**WHAT TO PRODUCE:** Among the entries below, find the line with "We're here with" and the line with "Step into the". Return exactly those lines and every line between them, but no pictures.

**RECORDS FOR THIS TASK:**

────

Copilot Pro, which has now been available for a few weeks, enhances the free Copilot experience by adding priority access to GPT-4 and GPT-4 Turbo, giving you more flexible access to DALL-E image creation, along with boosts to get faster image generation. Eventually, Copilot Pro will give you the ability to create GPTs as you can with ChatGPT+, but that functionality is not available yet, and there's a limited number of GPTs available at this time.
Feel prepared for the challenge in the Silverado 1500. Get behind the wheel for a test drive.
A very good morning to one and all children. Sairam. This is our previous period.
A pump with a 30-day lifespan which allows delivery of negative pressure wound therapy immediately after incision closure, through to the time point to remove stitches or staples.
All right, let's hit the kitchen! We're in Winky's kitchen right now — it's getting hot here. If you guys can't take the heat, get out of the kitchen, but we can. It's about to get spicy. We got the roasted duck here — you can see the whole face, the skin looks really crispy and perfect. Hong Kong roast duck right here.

────

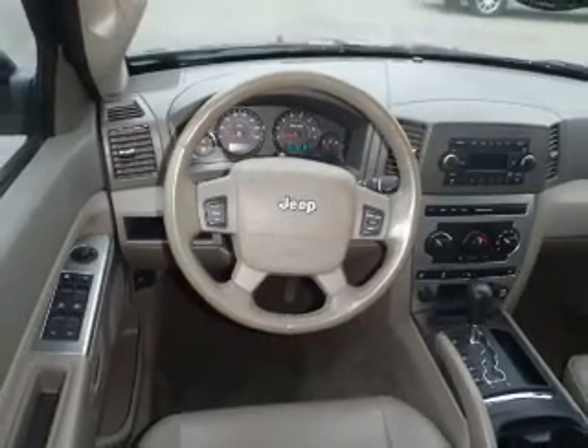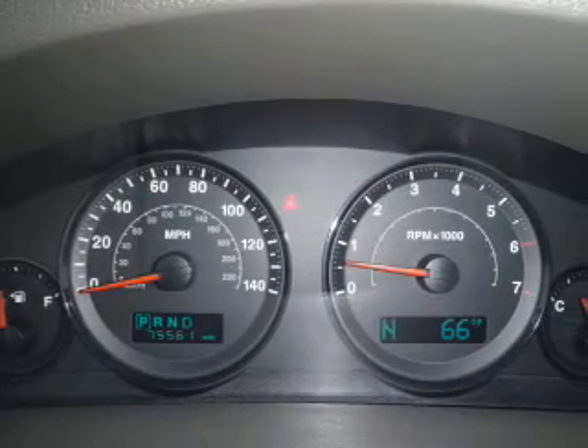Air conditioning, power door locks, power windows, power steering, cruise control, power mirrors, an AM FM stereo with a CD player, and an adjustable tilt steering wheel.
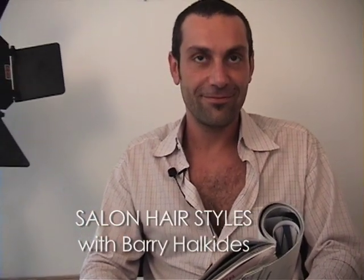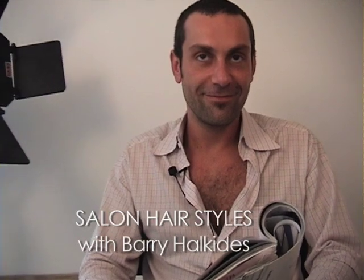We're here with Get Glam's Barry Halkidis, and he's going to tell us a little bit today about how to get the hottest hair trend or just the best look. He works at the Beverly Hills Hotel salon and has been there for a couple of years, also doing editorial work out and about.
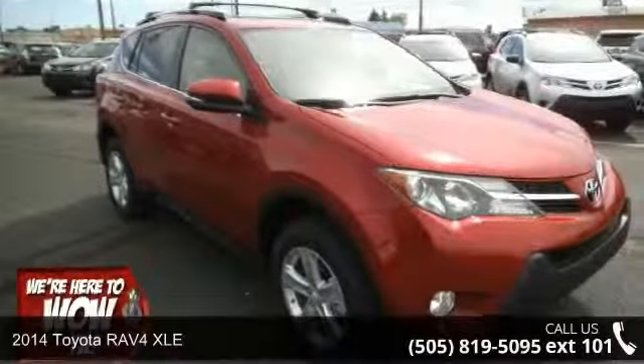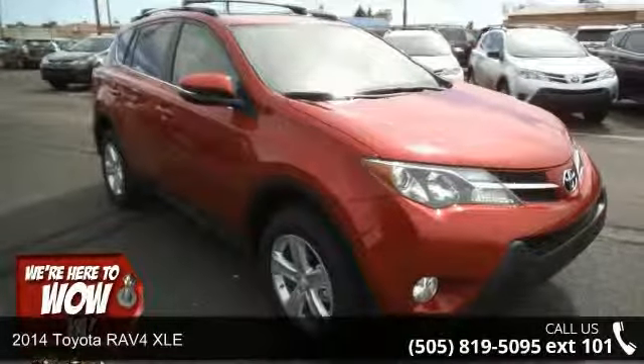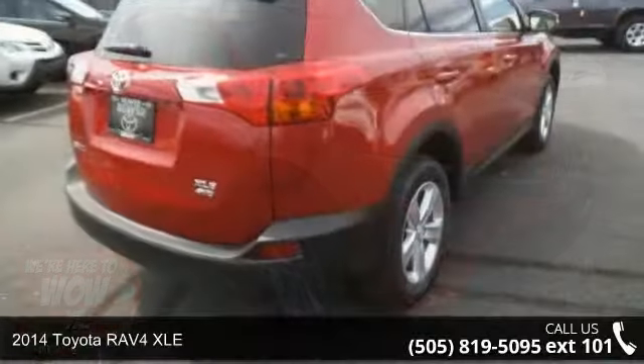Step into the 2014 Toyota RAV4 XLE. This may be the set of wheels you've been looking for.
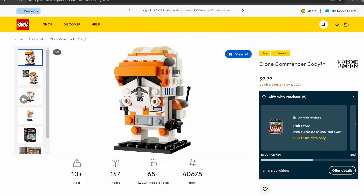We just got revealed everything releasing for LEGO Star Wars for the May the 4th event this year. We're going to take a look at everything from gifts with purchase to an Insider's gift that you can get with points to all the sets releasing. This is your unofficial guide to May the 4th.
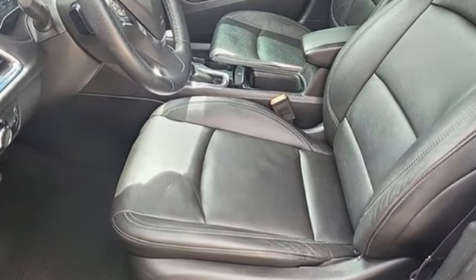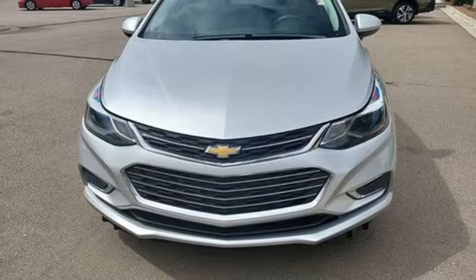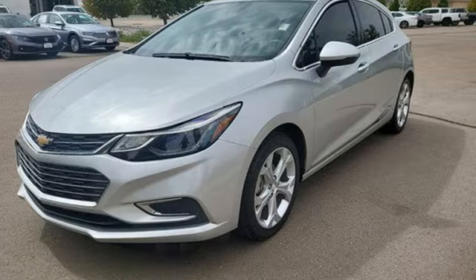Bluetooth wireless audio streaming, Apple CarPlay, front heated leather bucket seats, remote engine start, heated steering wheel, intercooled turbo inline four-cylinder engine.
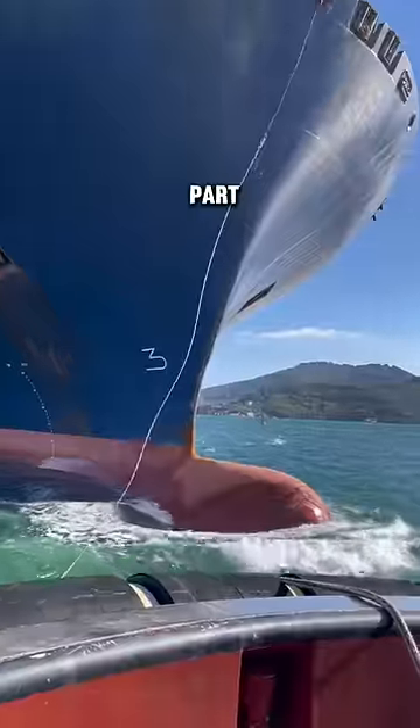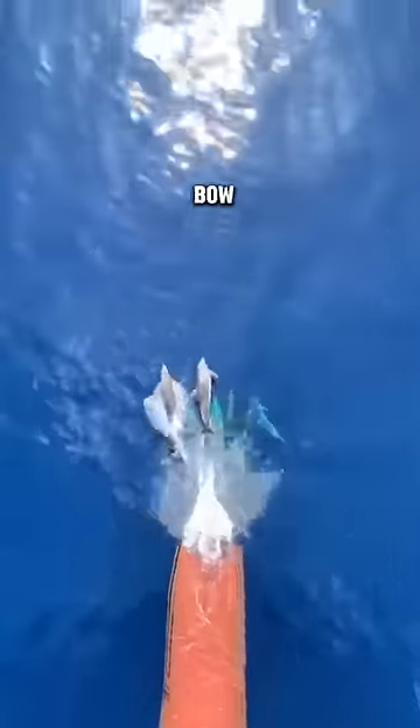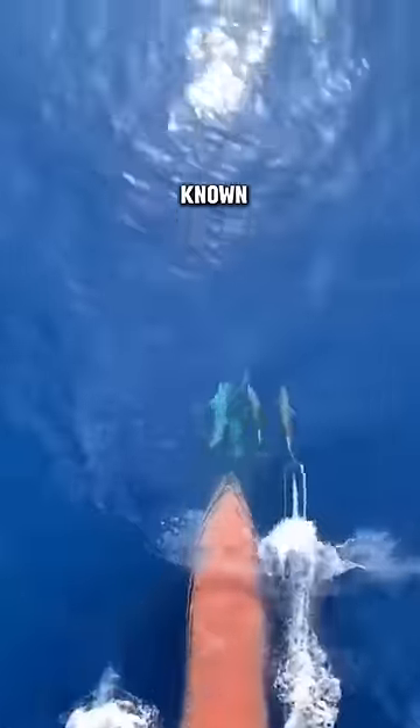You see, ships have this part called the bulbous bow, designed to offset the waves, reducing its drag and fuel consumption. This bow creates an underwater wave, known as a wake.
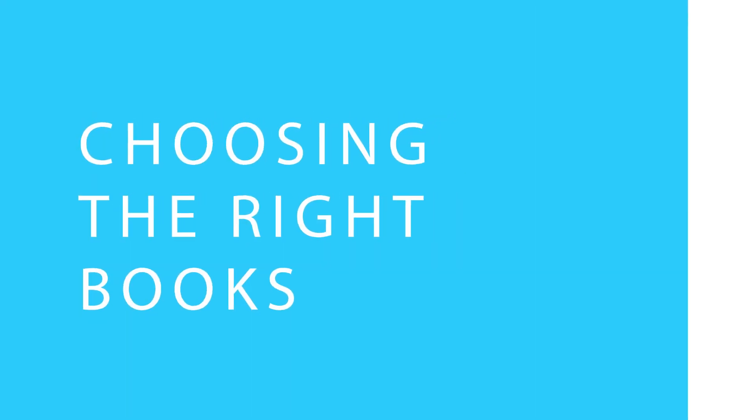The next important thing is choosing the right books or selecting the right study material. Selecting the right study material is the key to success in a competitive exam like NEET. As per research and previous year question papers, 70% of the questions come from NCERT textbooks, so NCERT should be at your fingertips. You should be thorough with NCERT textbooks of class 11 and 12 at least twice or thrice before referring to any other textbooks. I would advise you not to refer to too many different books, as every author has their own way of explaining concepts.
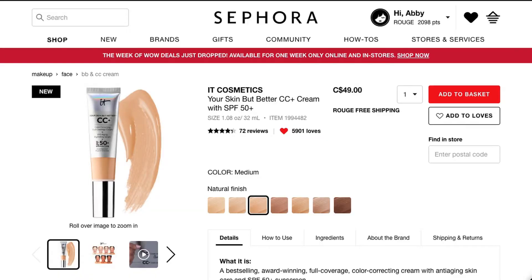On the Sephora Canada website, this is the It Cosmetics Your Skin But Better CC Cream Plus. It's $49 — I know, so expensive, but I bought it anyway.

────

**SOLUTION:**
We're here with Get Glam's Barry Halkidis, and he's going to tell us a little bit today about how to get the hottest hair trend or just the best look. He works at the Beverly Hills Hotel salon and has been there for a couple of years, also doing editorial work out and about.
Step into the 2014 Toyota RAV4 XLE. This may be the set of wheels you've been looking for.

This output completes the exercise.